RECHTBANK ROTTERDAM
Bestuursrecht
zaaknummers: ROT 24/5771 en 24/6090
(gemachtigde: mr. I. Car),
en
het college van burgemeester en wethouders van de gemeente Rotterdam, verweerder.
1. In deze uitspraak beslist de voorzieningenrechter op de verzoeken om voorlopige voorzieningen van verzoekster tegen de afwijzing van haar aanvraag om bijzondere bijstand voor verhuiskosten en de toekenning van € 3.541,- aan bijzondere bijstand voor inrichtings- en stofferingskosten.

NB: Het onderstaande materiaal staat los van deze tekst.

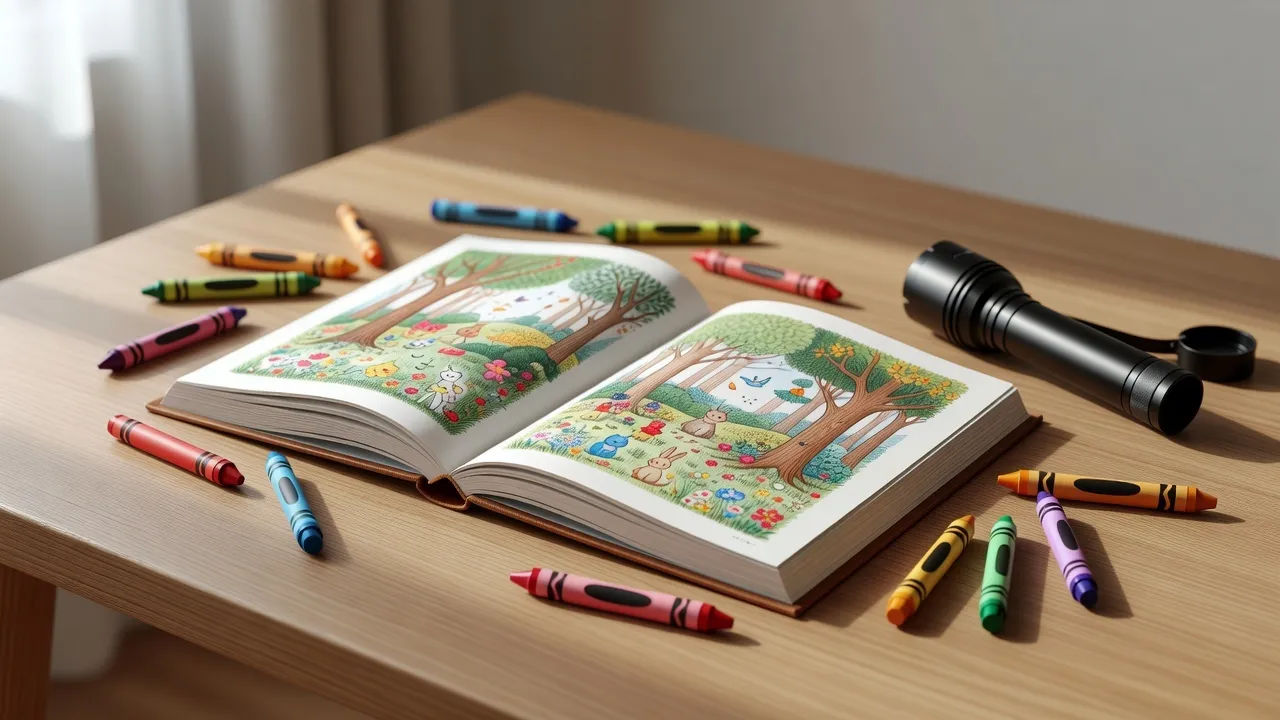 Open illustrated chapter book beside crayons and a flashlight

1.1.Omdat de verzoeken kennelijk niet-ontvankelijk zijn doet de voorzieningenrechter uitspraak zonder zitting. Artikel 8:83, derde lid, van de Algemene wet bestuursrecht (Awb) maakt dat mogelijk. De voorzieningenrechter legt hierna uit waarom de verzoeken kennelijk niet-ontvankelijk zijn.
1.2.Met de besluiten van 27 mei 2024 heeft verweerder de aanvraag van verzoekster om bijzondere bijstand voor verhuiskosten afgewezen en haar aanvraag om bijzondere bijstand voor inrichtings- en stofferingskosten toegekend tot een bedrag van € 3.541,-. Verzoekster heeft hiertegen bezwaar gemaakt.

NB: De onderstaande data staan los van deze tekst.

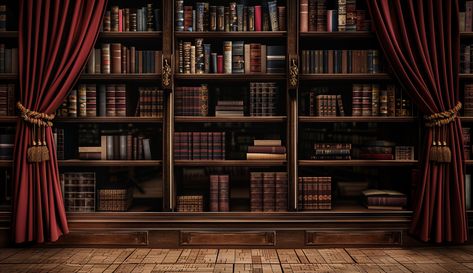 Dark Library Academy with Red Curtain and Old Style Books Dark Library, Inspirational Digital Art, Private Library, Parquet Floor, Vertical Images, Healing Plants, Space Cowboys, Studio Backdrops, Red Curtains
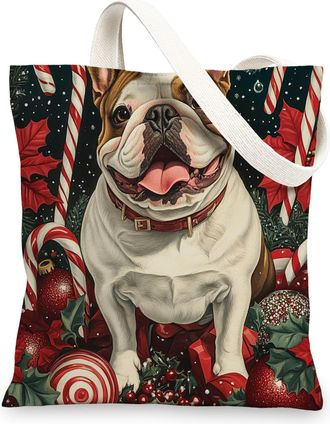 Generic Christmas Bulldog Dog Canvas Tote Bag for Shopping 13x15, Xmas Candy Poinsettia Puppy Reusable Grocery Print Bag for Women, Holiday Pet Beach Aestheti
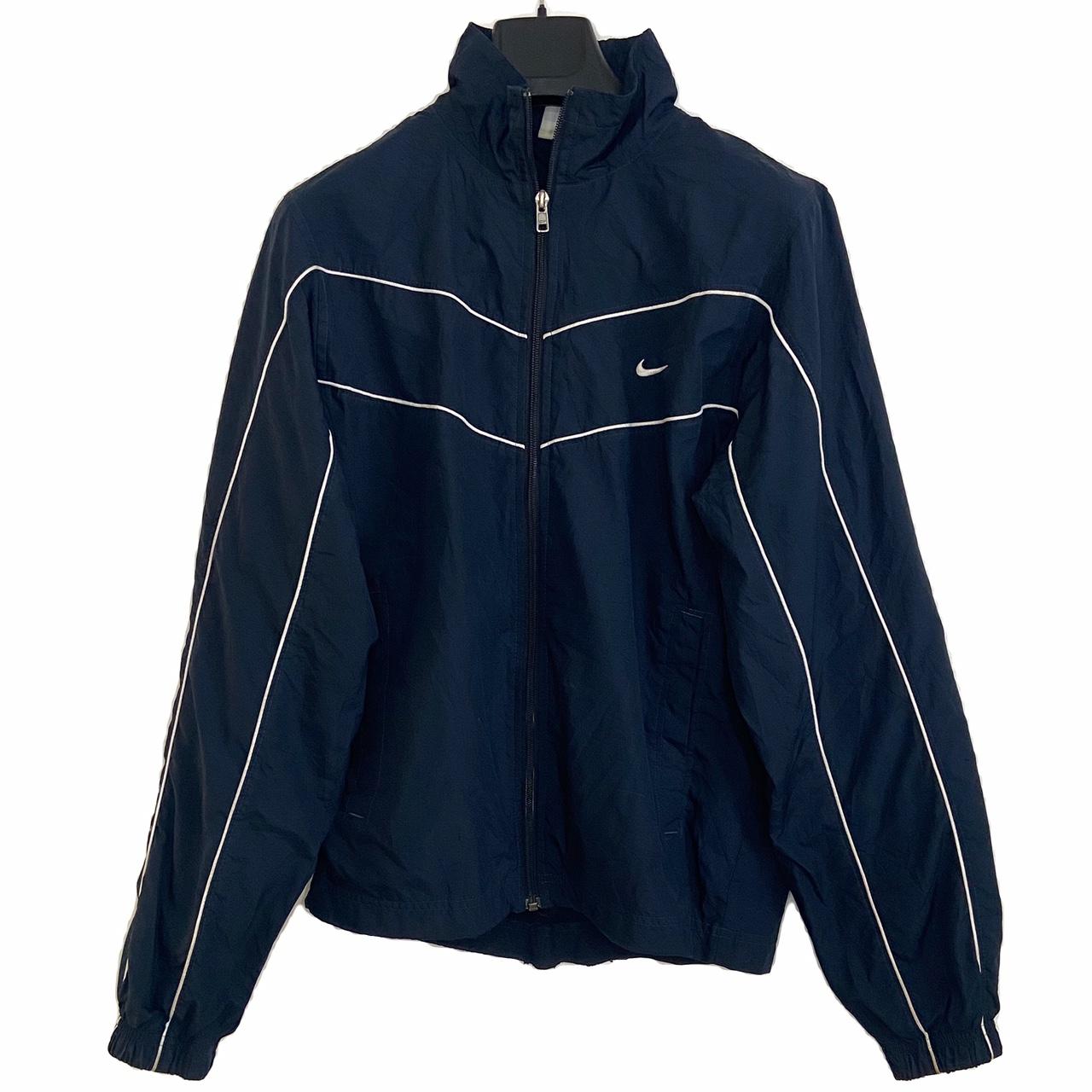 Nike track jacket / windbreaker zip up in a navy... - Depop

1. Op grond van artikel 8:82, eerste lid, van de Awb wordt door de griffier van de indiener van het verzoekschrift een griffierecht geheven.
2.
Bij aangetekende brieven (nota’s) van 13 juni 2024 en 21 juni 2024 heeft de griffier (de gemachtigde van) verzoekster erop gewezen dat zij per verzoek een griffierecht van
€ 51,- verschuldigd is en haar aangemaand dit bedrag uiterlijk twee weken na de datum van de nota te voldoen, of als de zitting eerder is, uiterlijk voorafgaande aan de zitting. Het vermelde bedrag is, ook na een rappel per e-mail aan de gemachtigde van verzoekster, niet binnen de gestelde termijn bijgeschreven of ter griffie gestort.

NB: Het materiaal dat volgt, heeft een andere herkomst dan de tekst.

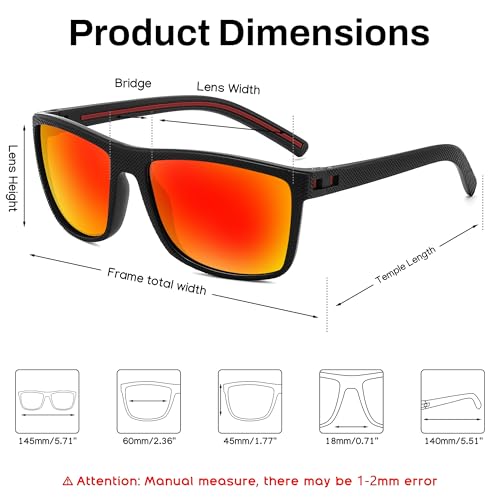 Image of FEISEDY Polarized Sunglasses for Men and Women Lightweight Frame Sun Glasses with UV400 Protection for Driving Fishing B0301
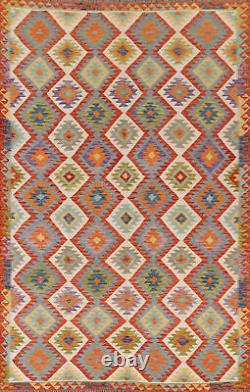 Tapis Kilim Kelim à double face en laine tissée à plat de 7x10 pieds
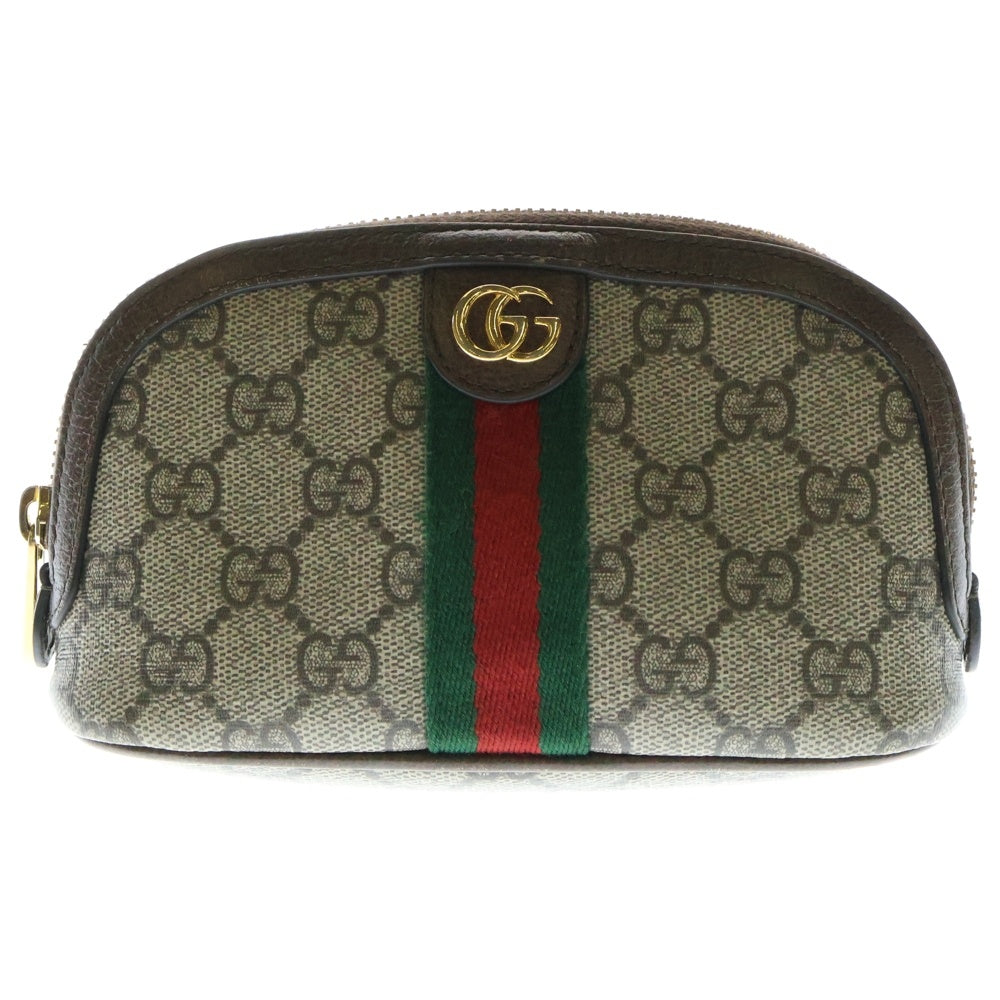 GUCCI(グッチ) GGスプリーム シェリーライン 化粧ポーチ ミニバッグ ベージュ PVCキャンバス 62550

3. Op grond van artikel 8:82, derde lid, en 8:41, zesde lid, van de Awb wordt, indien het verschuldigde bedrag niet of niet tijdig is bijgeschreven of gestort, het verzoek niet-ontvankelijk verklaard, tenzij redelijkerwijs niet kan worden geoordeeld dat de indiener van het verzoekschrift in verzuim is geweest.
4. Naar het oordeel van de voorzieningenrechter kan redelijkerwijs worden geoordeeld dat (de gemachtigde van) verzoekster in verzuim is geweest. De verzoeken zijn daarom kennelijk niet-ontvankelijk.
5. Voor een proceskostenveroordeling bestaat geen aanleiding.
De voorzieningenrechter verklaart de verzoeken niet-ontvankelijk.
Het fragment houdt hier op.